Now, as the post turns 20, people are reflecting on how those five words helped launch a platform that changed media, politics, humor, and online culture.
A simple post that became a symbol of the social web
Republic World called it the first ever tweet and noted that after two decades and major changes on the platform, the simple post now feels like an iconic start of a digital age.
The publication also said Dorsey marked the anniversary by reposting the message and writing, “five words. 20 years. unfinished.”
TechCrunch put the anniversary in a more complex modern context. It pointed out that the site is still best known as Twitter, even after Elon Musk renamed it X, and that the platform now operates in a very different corporate and cultural world than the one Dorsey started in 2006. X became part of Musk’s xAI, which later joined SpaceX.
The anniversary is also a reminder of how much Twitter changed
Republic World used the anniversary to look back at how much the platform has changed.
It followed Twitter’s visual history from the early light-blue wordmark to the blue bird, and then to the black-and-white X logo after Musk took over.
Musk bought Twitter for $44 billion in 2022 and later laid off employees and removed top executives, including former CEO Parag Agrawal.
TechCrunch was more direct about what happened after the ownership change. It said Musk cut the company’s workforce dramatically and connected X’s current situation to new controversies involving Grok and ongoing platform instability.
X retains a strong hold on some user groups, especially in the tech industry, even as it faces competition from Bluesky and Meta’s Threads.
From a tweet to a multimillion-dollar NFT
The anniversary also brought new attention to what happened to the original post.
Dorsey sold an NFT version of the first tweet in 2021 for $2.9 million, to crypto entrepreneur Sina Estavi. The NFT’s value has since plummeted, with the buyer unable to resell it.
That quick shift from an everyday post to a multimillion-dollar collectible and then to a devalued asset says a lot about Twitter’s place in internet culture.
The message was once seen as a special piece of the early social web, but it also became part of the speculative boom that briefly turned digital memories into expensive tokens.
A platform that shaped culture, then started losing its own archive
Financial Express used the 20-year milestone to highlight something more important than nostalgia: preservation.
It said a new archive project is trying to save the funniest, strangest, and most memorable tweets before they disappear from a platform where features are breaking and users leaving.

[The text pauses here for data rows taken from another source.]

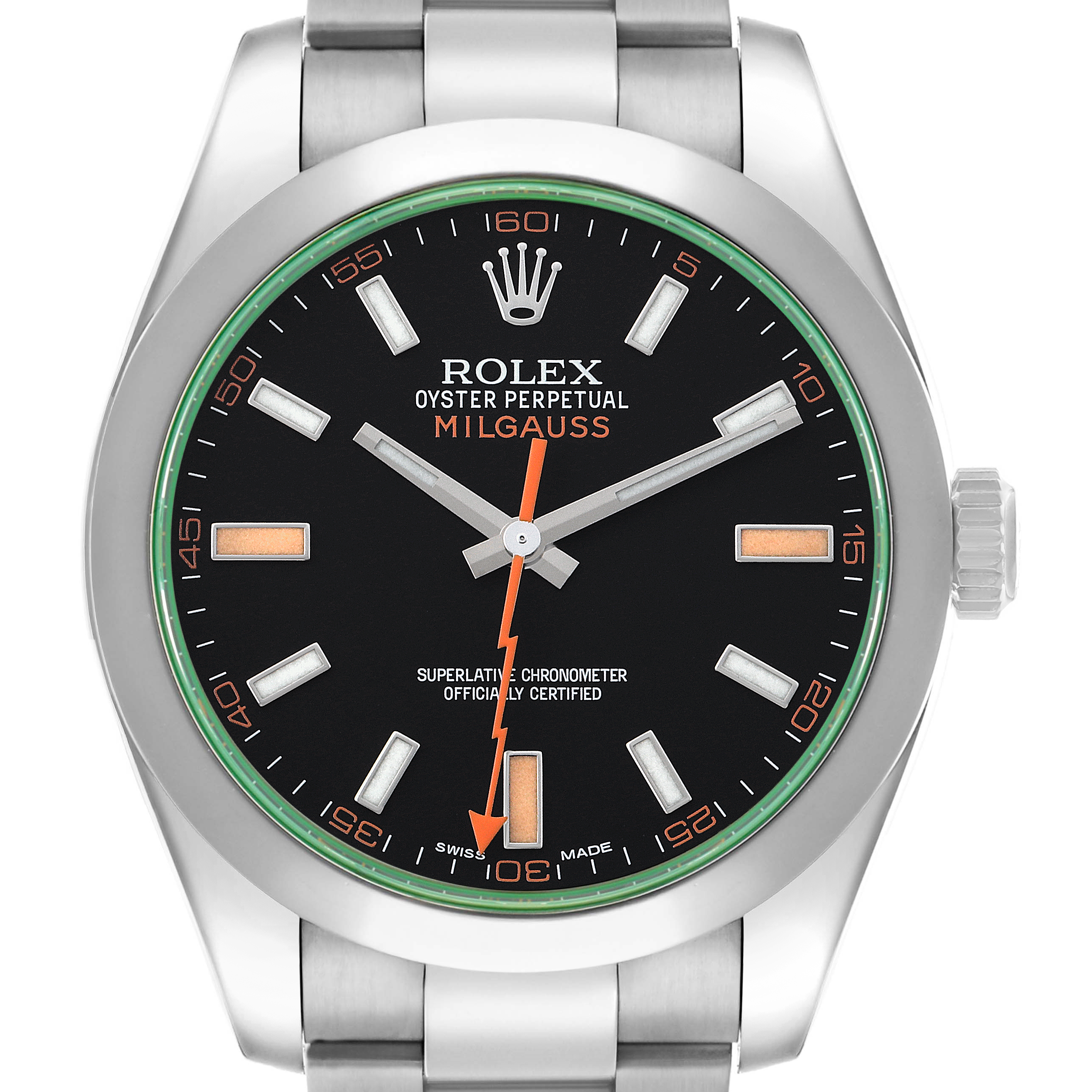 The image shows a front view of the Rolex Milgauss 116400GV Men's Stainless Steel Black Dial, highlighting the dial, hands, and crown.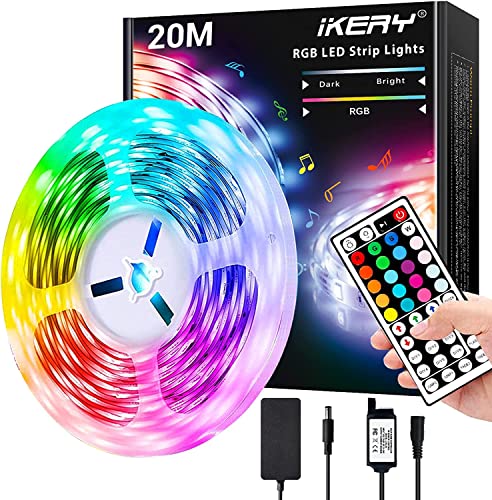 IKERY LEDテープライト20M RGB 両面テープ SMD5050 高輝度 PSE認証 4ピン 調光調色 ledテープ 間接照明 取付簡単 工具不要 入電電圧100V-240V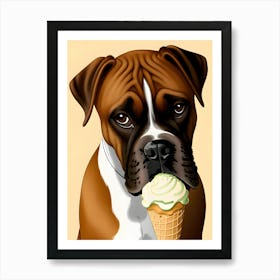 Boxer Dog With Ice Cream Art Print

The paper called the project a digital preservation effort and said it aims to capture internet culture before it fades away.
That concern helps explain why Dorsey’s first tweet still matters. When Dorsey posted “just setting up my twttr,” it marked the beginning of a new kind of internet communication, and what followed was not just conversation but a cultural phenomenon.
Tweets, were never designed to last, which makes the anniversary feel less like a celebration of permanence and more like a reminder of how fragile online history can be.
Two decades later, the first tweet still feels surprisingly modern in its simplicity.
It had no hashtag, no image, no promotional plan, and no sign that it would become one of the most famous posts in internet history.
That’s exactly why it lasts: it captures the moment before Twitter turned into a battlefield, a newsroom, a meme factory, and eventually X.
It was just a beginning, and 20 years later, the web is still living with what followed.